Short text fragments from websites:
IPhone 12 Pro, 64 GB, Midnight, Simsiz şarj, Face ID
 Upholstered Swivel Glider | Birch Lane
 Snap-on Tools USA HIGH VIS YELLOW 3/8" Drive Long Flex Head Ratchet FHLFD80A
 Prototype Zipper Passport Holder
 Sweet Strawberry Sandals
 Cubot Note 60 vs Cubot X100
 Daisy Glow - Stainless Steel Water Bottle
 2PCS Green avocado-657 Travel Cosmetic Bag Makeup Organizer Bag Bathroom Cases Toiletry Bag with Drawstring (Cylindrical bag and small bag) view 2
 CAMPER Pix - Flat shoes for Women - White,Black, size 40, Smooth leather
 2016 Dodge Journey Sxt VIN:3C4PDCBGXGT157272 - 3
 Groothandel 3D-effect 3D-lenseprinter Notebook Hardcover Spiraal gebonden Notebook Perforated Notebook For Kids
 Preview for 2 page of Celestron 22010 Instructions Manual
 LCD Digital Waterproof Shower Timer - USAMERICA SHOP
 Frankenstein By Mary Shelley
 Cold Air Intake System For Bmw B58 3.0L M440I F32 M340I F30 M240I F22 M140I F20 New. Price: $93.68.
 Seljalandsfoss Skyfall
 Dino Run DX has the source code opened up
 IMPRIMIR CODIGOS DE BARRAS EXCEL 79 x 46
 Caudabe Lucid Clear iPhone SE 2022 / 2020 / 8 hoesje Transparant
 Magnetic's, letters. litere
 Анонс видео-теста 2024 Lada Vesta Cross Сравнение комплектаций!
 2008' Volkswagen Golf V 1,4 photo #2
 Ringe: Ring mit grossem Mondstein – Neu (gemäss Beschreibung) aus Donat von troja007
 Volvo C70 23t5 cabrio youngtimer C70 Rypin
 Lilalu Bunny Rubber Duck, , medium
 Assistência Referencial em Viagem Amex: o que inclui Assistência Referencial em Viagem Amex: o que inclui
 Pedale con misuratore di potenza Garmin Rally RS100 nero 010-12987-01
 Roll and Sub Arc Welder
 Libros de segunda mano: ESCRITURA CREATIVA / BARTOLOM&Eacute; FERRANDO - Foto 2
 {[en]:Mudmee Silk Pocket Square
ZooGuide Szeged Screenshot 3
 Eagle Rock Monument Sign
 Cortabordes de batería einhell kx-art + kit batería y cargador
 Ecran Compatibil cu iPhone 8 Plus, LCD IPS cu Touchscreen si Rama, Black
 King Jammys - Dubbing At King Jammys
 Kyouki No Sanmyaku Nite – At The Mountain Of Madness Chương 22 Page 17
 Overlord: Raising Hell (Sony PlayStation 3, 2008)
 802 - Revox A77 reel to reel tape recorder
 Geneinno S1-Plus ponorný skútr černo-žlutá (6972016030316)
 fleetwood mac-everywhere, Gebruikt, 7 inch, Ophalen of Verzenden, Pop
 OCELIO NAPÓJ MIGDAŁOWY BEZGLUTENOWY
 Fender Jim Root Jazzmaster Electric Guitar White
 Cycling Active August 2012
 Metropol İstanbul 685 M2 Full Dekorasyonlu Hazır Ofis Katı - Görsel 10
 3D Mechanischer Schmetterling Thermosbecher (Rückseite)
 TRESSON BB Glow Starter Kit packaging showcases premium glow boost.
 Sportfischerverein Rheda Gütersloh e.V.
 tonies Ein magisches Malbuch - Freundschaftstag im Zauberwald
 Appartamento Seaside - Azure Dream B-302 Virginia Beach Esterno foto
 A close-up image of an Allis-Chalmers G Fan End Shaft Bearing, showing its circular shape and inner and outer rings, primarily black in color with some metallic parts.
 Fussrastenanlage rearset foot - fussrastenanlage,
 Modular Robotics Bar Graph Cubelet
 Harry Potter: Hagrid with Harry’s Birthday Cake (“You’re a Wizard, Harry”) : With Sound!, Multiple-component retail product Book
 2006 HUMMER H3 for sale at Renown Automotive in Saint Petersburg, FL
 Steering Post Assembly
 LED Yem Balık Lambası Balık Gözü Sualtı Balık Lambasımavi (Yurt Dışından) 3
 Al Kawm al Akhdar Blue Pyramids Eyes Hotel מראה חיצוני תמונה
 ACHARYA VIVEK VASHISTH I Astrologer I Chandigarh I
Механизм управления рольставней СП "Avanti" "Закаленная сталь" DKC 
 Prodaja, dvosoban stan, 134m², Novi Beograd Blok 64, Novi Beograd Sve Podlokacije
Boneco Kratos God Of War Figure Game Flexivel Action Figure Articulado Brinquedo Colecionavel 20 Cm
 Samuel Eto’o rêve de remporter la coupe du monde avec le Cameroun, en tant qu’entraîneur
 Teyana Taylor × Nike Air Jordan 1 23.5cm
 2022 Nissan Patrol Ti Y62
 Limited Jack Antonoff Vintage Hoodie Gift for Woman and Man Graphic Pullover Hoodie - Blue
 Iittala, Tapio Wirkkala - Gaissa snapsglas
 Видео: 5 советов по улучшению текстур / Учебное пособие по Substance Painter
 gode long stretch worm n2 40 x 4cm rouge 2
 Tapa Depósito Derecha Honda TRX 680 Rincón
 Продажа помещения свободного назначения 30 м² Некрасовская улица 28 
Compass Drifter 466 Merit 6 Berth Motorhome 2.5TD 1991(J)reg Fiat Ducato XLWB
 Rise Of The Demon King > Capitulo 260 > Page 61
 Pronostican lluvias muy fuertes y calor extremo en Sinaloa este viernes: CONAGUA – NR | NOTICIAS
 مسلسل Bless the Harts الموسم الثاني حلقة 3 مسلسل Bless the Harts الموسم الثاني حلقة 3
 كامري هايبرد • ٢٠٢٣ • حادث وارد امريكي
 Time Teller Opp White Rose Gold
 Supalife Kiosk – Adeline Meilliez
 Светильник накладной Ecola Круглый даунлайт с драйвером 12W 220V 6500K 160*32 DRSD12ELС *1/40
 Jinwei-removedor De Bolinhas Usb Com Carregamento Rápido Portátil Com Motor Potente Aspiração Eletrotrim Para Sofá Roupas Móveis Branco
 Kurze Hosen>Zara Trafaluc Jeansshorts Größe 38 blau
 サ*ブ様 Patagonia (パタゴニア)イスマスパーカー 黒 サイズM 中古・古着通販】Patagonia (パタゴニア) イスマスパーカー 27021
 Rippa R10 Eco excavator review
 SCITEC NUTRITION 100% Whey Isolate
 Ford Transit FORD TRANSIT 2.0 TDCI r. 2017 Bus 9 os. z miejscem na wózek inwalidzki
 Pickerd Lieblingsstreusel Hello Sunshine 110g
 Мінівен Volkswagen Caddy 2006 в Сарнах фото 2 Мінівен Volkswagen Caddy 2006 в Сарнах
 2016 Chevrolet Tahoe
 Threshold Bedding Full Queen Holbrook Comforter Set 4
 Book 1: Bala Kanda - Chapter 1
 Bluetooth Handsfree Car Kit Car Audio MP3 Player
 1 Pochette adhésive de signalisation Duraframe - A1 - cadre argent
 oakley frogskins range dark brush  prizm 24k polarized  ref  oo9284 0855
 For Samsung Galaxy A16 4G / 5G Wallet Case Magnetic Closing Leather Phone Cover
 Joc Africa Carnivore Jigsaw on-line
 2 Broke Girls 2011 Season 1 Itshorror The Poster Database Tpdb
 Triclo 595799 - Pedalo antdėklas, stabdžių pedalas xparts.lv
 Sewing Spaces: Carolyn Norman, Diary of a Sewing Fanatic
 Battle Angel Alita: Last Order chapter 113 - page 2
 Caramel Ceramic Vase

ACTIVITY:
Reproduce only the lines above, starting at the line with "Al Kawm al Akhdar" and ending at the line with "Boneco Kratos God", exactly as written.

EXERCISE ANSWER:
 Al Kawm al Akhdar Blue Pyramids Eyes Hotel מראה חיצוני תמונה
 ACHARYA VIVEK VASHISTH I Astrologer I Chandigarh I
Механизм управления рольставней СП "Avanti" "Закаленная сталь" DKC 
 Prodaja, dvosoban stan, 134m², Novi Beograd Blok 64, Novi Beograd Sve Podlokacije
Boneco Kratos God Of War Figure Game Flexivel Action Figure Articulado Brinquedo Colecionavel 20 Cm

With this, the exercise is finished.